# Week 13 Live Demo — Mini‑MNIST with a Small MLP (scikit‑learn)
**Goal:** train a small neural network (multi-layer perception, or MLP) to classify handwritten digits using scikit‑learn, with clear explanations and visuals.

**Dataset:** scikit‑learn's built‑in 8×8 **digits** dataset — a reduced MNIST that loads fast and trains quickly.


## 1) Load and inspect the dataset

In [None]:
# We use scikit-learn's built-in 'digits' dataset.
# - images: 8x8 grayscale pictures of digits 0..9
# - data (X): flattened 64-length vectors, one per image
# - target (y): the ground-truth digit label 0..9

from sklearn.datasets import load_digits
digits = load_digits()

X_full = digits.data            # shape = (n_samples, 64)
images_full = digits.images     # shape = (n_samples, 8, 8)
y_full = digits.target          # shape = (n_samples,)

print('Total samples:', X_full.shape[0])
print('Input dimension per sample:', X_full.shape[1])
print('Image shape:', images_full.shape[1:], '| Unique labels:', sorted(set(y_full)))


## 2) Visualize the dataset (quick overview)

In [None]:
# Seeing raw data helps build intuition.
# We draw a 10x10 grid of random samples and put the label as the small title above each image.

import numpy as np, matplotlib.pyplot as plt
rng = np.random.default_rng(7)

sel = rng.choice(len(X_full), size=100, replace=False)  # pick 100 random indices
fig, axes = plt.subplots(10, 10, figsize=(8,8))
for ax, idx in zip(axes.flatten(), sel):
    ax.imshow(images_full[idx], cmap='gray')
    ax.set_title(int(y_full[idx]), fontsize=8)
    ax.axis('off')
# plt.suptitle('Random samples from the digits dataset (label shown above each image)', y=0.92)
plt.tight_layout()
plt.show()


## 3) Train/test split and safe feature scaling

In [None]:
# WHY SPLIT?  We need an *honest* test set that the model never sees during training.
# WHY STRATIFY?  Keeps class proportions similar in train and test.
# WHY SCALE?  MLPs train better when each feature has similar scale (mean 0, std 1).
#   Important: fit the scaler on *train only*, then apply to both train and test (avoid data leakage).

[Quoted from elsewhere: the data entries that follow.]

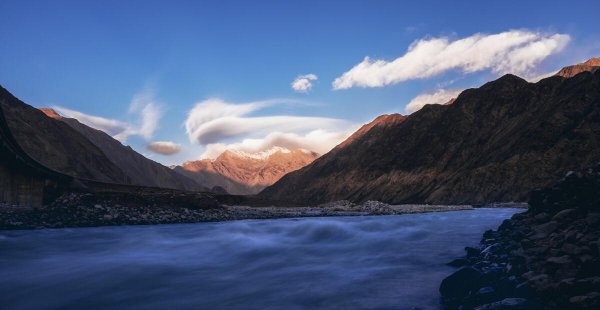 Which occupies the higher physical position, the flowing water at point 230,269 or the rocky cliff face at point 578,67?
the rocky cliff face at point 578,67

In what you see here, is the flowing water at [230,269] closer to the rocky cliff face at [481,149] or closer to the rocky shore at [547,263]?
the rocky shore at [547,263]

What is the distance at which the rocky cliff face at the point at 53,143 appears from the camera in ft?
258

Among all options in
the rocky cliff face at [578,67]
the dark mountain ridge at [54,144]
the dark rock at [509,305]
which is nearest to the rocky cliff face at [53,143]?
the dark mountain ridge at [54,144]

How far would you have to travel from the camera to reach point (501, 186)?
7262 centimetres

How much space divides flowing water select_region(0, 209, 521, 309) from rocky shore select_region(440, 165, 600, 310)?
0.93 metres

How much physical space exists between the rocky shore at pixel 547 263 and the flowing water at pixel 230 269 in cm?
93

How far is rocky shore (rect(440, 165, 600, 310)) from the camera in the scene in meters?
7.15

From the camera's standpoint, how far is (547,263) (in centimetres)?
834

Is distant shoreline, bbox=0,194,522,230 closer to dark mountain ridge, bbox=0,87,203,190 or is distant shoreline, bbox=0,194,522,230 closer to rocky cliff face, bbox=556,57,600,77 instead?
dark mountain ridge, bbox=0,87,203,190

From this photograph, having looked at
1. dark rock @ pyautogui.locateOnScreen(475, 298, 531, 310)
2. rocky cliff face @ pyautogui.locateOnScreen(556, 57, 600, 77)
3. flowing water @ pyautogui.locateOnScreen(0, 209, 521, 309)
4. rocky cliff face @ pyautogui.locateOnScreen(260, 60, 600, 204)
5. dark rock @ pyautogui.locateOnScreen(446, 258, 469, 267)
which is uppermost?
rocky cliff face @ pyautogui.locateOnScreen(556, 57, 600, 77)

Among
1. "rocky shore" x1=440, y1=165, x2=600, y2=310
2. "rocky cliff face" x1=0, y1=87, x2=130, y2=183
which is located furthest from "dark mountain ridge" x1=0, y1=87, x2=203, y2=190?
"rocky shore" x1=440, y1=165, x2=600, y2=310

from sklearn.model_selection import train_test_split
from sklearn.preprocessing import StandardScaler

X_train, X_test, y_train, y_test, images_train, images_test = train_test_split(
    X_full, y_full, images_full, test_size=0.25, stratify=y_full, random_state=42
)

scaler = StandardScaler()
X_train_scaled = scaler.fit_transform(X_train)   # Learn scaling parameters from *train only*, so each pixel is mean 0, std 1 over the training set
X_test_scaled  = scaler.transform(X_test)        # Apply the *same* transform to test

print('Train set:', X_train_scaled.shape, ' Test set:', X_test_scaled.shape)

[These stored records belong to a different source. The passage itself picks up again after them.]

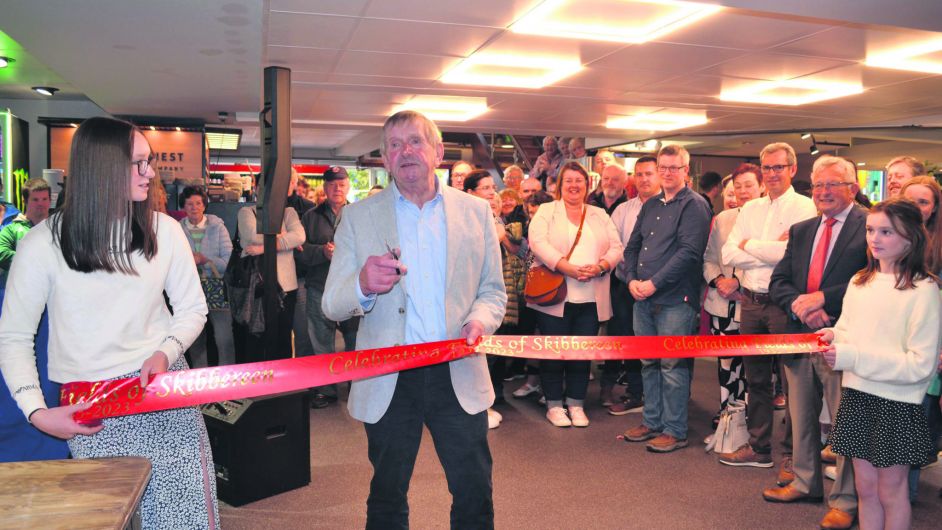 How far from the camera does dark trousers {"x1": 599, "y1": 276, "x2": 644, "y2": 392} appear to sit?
5445mm

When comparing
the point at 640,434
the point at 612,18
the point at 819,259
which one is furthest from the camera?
the point at 612,18

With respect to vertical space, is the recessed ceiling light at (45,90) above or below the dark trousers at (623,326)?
above

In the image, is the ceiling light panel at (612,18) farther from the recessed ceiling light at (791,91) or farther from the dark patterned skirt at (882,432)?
the dark patterned skirt at (882,432)

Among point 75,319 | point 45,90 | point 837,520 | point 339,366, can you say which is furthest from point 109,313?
point 45,90

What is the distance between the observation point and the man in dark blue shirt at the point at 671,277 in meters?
4.39

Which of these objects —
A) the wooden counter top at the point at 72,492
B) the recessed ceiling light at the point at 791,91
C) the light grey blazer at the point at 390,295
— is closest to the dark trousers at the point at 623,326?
the light grey blazer at the point at 390,295

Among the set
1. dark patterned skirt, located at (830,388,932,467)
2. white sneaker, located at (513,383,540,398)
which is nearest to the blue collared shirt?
dark patterned skirt, located at (830,388,932,467)

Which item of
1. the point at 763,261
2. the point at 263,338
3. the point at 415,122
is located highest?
the point at 415,122

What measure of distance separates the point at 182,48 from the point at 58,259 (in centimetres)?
482

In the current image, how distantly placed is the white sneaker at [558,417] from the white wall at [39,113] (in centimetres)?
934

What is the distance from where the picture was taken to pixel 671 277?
435cm

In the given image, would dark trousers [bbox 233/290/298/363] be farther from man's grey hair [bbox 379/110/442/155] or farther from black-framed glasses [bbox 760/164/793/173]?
black-framed glasses [bbox 760/164/793/173]

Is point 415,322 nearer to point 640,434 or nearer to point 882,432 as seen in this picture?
point 882,432

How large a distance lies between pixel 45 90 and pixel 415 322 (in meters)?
10.6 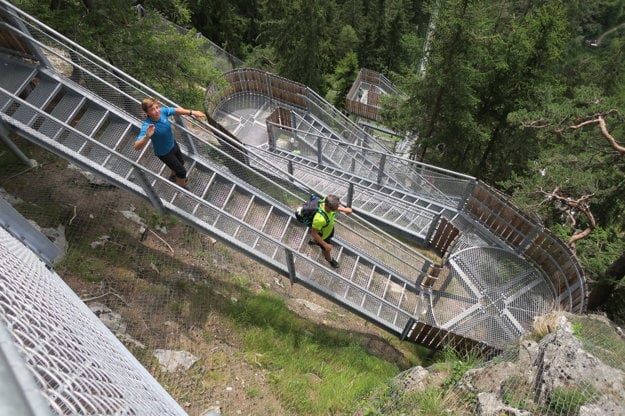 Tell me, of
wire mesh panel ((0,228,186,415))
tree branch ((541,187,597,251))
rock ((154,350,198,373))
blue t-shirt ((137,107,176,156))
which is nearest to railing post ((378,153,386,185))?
tree branch ((541,187,597,251))

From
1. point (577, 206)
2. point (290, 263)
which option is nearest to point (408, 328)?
point (290, 263)

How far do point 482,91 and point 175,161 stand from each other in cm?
1368

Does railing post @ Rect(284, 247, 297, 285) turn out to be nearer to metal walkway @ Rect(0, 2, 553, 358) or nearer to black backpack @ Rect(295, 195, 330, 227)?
metal walkway @ Rect(0, 2, 553, 358)

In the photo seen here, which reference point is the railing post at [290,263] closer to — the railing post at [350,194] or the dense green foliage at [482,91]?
the railing post at [350,194]

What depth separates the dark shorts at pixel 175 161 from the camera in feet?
20.5

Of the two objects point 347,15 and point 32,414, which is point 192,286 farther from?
point 347,15

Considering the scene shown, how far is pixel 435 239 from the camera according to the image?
9.98 metres

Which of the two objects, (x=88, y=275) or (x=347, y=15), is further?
(x=347, y=15)

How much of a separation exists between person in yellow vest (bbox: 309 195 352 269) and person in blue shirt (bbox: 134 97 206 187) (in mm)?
2619

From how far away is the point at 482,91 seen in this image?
1505 cm

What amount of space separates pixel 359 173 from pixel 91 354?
11785 millimetres

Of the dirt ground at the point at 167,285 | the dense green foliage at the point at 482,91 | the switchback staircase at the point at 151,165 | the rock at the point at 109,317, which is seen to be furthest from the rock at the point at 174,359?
the dense green foliage at the point at 482,91

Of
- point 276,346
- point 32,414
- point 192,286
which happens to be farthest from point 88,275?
point 32,414

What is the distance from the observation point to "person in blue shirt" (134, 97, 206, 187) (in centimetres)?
564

## 4) Build a small MLP and train it over several epochs

In [None]:
# We will train a *small* MLP classifier with one hidden layer of 32 neurons.
# To collect a *testing curve* (accuracy on test vs epochs), we use incremental training via partial_fit.
# Steps per epoch:
#   1) Shuffle training data
#   2) Loop over mini-batches
#   3) Call partial_fit on each batch (first batch must pass 'classes=list_of_labels')
# After each epoch, we record:
#   - current training loss (mlp.loss_)
#   - train accuracy (on X_train_scaled)
#   - test accuracy  (on X_test_scaled)

import numpy as np
from sklearn.neural_network import MLPClassifier

classes = np.unique(y_train)  # array([0,1,2,3,4,5,6,7,8,9])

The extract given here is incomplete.